## Exercise aim
Below are some records; quote exactly the lines from the one that contains "Damen Kapuze Winter Sweatshirt | Lässig" through the one that contains "Материнская плата ASUS", inclusive, and no others.

----

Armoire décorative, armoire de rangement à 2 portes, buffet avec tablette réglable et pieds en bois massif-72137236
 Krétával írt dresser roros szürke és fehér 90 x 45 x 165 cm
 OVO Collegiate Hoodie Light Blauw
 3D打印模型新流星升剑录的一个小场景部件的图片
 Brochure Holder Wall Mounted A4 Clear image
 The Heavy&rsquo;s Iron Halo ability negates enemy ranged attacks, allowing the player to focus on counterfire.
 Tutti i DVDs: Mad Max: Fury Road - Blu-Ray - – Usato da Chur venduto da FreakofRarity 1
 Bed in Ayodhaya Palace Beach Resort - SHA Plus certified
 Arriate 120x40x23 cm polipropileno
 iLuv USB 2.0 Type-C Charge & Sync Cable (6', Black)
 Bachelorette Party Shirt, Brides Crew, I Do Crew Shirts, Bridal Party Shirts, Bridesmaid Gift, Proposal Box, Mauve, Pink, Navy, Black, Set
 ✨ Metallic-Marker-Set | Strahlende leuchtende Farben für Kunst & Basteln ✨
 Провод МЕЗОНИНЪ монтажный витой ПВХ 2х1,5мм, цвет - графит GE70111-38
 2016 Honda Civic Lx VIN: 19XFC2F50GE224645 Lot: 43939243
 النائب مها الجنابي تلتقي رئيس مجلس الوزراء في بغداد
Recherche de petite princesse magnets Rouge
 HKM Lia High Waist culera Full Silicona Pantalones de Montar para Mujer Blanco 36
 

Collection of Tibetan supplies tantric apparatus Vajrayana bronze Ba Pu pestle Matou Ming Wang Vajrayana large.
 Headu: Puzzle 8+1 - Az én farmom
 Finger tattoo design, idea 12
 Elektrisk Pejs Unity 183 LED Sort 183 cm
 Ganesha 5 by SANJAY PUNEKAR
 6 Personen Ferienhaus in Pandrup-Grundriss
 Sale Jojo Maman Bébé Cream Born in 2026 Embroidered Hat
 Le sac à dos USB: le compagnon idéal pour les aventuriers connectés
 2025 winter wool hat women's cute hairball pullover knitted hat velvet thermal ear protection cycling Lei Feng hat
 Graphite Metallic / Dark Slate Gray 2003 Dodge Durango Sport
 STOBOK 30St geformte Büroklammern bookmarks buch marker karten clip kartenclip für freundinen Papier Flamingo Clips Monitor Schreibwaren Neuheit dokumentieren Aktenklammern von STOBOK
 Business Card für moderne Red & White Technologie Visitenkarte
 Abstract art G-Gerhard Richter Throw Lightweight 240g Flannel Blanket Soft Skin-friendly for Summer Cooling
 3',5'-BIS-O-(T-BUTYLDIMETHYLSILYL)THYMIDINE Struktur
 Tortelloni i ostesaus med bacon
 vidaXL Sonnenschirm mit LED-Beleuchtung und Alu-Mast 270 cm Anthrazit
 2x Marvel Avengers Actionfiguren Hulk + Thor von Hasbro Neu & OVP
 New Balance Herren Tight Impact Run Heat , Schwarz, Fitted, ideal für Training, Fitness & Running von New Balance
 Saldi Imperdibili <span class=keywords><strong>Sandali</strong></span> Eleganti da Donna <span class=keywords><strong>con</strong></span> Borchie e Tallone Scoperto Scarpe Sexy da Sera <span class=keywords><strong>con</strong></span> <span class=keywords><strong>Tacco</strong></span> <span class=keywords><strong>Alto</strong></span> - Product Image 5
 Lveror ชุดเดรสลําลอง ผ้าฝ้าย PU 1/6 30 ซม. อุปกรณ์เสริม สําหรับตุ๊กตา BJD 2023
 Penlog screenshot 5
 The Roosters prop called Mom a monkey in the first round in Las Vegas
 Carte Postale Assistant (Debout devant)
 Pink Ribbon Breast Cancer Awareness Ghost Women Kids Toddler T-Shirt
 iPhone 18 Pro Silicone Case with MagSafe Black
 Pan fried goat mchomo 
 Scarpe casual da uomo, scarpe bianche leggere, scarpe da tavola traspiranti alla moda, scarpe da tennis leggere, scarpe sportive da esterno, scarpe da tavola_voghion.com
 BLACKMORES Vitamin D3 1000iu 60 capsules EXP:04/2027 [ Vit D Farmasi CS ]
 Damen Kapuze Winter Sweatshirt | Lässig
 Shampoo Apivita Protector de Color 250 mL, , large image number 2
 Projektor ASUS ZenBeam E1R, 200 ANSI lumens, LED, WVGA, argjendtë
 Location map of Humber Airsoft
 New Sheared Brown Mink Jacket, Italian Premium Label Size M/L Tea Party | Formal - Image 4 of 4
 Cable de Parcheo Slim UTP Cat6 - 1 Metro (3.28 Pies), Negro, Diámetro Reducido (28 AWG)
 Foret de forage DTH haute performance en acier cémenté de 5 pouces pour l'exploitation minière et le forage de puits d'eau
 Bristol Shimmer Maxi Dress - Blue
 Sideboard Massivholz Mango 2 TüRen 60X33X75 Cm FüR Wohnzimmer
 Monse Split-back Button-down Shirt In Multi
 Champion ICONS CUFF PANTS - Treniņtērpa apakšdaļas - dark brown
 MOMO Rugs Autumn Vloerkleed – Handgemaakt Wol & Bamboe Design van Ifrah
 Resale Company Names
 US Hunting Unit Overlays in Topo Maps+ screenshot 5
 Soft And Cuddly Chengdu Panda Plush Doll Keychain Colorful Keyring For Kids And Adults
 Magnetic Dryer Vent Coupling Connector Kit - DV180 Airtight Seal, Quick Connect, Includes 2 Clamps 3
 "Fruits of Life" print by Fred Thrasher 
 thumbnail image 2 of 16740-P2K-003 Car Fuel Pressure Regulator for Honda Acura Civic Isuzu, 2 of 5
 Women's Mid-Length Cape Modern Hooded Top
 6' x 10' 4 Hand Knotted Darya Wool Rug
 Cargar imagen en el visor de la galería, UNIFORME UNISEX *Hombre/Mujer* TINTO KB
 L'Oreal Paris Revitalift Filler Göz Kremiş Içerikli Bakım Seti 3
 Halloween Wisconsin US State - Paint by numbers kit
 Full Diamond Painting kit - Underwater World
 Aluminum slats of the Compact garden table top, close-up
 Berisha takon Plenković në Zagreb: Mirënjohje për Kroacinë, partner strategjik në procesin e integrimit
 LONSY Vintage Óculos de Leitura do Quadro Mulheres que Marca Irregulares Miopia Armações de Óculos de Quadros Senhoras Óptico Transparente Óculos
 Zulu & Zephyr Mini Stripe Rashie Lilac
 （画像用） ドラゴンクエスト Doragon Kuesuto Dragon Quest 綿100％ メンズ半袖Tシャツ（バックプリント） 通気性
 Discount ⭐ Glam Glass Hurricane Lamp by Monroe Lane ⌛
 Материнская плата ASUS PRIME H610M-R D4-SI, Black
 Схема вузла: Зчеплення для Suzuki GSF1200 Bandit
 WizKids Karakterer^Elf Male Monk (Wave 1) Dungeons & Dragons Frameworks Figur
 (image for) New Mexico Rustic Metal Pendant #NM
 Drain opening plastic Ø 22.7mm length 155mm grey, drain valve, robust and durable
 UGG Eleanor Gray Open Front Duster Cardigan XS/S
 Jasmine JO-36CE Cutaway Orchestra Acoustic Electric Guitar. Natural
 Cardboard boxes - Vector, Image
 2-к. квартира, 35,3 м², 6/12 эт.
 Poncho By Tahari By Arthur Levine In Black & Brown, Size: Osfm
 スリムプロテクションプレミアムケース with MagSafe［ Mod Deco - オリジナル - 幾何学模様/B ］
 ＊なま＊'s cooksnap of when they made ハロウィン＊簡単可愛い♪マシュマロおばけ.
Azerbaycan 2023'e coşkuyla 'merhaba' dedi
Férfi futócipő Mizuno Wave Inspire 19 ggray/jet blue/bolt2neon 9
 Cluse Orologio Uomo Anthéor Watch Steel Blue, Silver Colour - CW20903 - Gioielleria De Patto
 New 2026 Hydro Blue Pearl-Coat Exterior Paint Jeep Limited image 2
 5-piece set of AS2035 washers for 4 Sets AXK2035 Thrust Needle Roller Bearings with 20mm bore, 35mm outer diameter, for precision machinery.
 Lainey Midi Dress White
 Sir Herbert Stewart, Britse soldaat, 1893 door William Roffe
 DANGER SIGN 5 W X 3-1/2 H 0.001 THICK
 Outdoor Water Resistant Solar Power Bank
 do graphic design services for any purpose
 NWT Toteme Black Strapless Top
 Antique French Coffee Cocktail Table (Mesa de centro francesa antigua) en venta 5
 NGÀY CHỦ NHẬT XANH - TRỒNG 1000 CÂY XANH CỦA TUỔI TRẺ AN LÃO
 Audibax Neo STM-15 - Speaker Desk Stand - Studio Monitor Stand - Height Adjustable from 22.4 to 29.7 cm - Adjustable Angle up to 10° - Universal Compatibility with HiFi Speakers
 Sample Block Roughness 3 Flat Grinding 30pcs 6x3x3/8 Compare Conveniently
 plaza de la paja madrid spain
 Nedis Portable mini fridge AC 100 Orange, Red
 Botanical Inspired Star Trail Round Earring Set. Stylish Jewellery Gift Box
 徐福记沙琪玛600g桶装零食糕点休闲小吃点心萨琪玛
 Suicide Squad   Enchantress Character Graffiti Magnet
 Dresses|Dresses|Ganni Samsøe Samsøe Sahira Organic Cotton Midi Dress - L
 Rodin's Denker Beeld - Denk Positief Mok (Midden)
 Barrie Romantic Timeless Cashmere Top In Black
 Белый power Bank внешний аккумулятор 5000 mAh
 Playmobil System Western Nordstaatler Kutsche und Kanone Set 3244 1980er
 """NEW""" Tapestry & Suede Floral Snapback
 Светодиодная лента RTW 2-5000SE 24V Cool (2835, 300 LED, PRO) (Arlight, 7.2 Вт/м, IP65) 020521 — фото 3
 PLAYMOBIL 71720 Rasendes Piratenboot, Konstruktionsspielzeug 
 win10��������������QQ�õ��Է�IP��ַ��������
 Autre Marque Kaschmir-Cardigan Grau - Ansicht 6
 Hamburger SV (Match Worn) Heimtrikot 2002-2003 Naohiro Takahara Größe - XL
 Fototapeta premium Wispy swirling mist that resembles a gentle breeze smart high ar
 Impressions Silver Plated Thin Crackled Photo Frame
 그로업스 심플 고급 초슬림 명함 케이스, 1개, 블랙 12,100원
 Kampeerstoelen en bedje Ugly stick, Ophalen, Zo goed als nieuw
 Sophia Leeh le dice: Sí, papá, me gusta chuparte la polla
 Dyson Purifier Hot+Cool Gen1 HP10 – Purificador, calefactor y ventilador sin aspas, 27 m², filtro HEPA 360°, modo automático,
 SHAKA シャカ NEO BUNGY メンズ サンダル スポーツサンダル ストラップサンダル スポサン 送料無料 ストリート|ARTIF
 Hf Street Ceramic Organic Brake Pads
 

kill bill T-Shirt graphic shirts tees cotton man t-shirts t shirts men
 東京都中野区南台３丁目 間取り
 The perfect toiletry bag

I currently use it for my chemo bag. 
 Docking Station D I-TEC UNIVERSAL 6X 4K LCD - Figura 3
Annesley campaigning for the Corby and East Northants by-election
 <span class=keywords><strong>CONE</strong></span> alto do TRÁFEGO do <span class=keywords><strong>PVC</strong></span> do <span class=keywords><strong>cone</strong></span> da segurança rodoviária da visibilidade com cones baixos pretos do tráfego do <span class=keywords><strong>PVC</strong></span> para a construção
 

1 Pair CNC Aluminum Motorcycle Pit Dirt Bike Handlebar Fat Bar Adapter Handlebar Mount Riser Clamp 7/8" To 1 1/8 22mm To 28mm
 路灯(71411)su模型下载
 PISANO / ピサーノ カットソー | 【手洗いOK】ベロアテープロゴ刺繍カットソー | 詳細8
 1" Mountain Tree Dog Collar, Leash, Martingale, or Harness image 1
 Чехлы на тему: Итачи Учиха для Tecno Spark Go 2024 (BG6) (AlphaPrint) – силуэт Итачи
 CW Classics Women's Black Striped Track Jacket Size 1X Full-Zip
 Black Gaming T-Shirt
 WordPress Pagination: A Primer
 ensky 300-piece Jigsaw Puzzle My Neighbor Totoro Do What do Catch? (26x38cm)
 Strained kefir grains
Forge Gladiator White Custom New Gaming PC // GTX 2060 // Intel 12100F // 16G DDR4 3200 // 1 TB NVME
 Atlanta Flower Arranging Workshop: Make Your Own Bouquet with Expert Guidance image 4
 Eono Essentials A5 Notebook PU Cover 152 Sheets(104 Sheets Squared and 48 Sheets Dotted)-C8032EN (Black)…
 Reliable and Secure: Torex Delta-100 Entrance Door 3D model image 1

----

## Exercise solution
 Damen Kapuze Winter Sweatshirt | Lässig
 Shampoo Apivita Protector de Color 250 mL, , large image number 2
 Projektor ASUS ZenBeam E1R, 200 ANSI lumens, LED, WVGA, argjendtë
 Location map of Humber Airsoft
 New Sheared Brown Mink Jacket, Italian Premium Label Size M/L Tea Party | Formal - Image 4 of 4
 Cable de Parcheo Slim UTP Cat6 - 1 Metro (3.28 Pies), Negro, Diámetro Reducido (28 AWG)
 Foret de forage DTH haute performance en acier cémenté de 5 pouces pour l'exploitation minière et le forage de puits d'eau
 Bristol Shimmer Maxi Dress - Blue
 Sideboard Massivholz Mango 2 TüRen 60X33X75 Cm FüR Wohnzimmer
 Monse Split-back Button-down Shirt In Multi
 Champion ICONS CUFF PANTS - Treniņtērpa apakšdaļas - dark brown
 MOMO Rugs Autumn Vloerkleed – Handgemaakt Wol & Bamboe Design van Ifrah
 Resale Company Names
 US Hunting Unit Overlays in Topo Maps+ screenshot 5
 Soft And Cuddly Chengdu Panda Plush Doll Keychain Colorful Keyring For Kids And Adults
 Magnetic Dryer Vent Coupling Connector Kit - DV180 Airtight Seal, Quick Connect, Includes 2 Clamps 3
 "Fruits of Life" print by Fred Thrasher 
 thumbnail image 2 of 16740-P2K-003 Car Fuel Pressure Regulator for Honda Acura Civic Isuzu, 2 of 5
 Women's Mid-Length Cape Modern Hooded Top
 6' x 10' 4 Hand Knotted Darya Wool Rug
 Cargar imagen en el visor de la galería, UNIFORME UNISEX *Hombre/Mujer* TINTO KB
 L'Oreal Paris Revitalift Filler Göz Kremiş Içerikli Bakım Seti 3
 Halloween Wisconsin US State - Paint by numbers kit
 Full Diamond Painting kit - Underwater World
 Aluminum slats of the Compact garden table top, close-up
 Berisha takon Plenković në Zagreb: Mirënjohje për Kroacinë, partner strategjik në procesin e integrimit
 LONSY Vintage Óculos de Leitura do Quadro Mulheres que Marca Irregulares Miopia Armações de Óculos de Quadros Senhoras Óptico Transparente Óculos
 Zulu & Zephyr Mini Stripe Rashie Lilac
 （画像用） ドラゴンクエスト Doragon Kuesuto Dragon Quest 綿100％ メンズ半袖Tシャツ（バックプリント） 通気性
 Discount ⭐ Glam Glass Hurricane Lamp by Monroe Lane ⌛
 Материнская плата ASUS PRIME H610M-R D4-SI, Black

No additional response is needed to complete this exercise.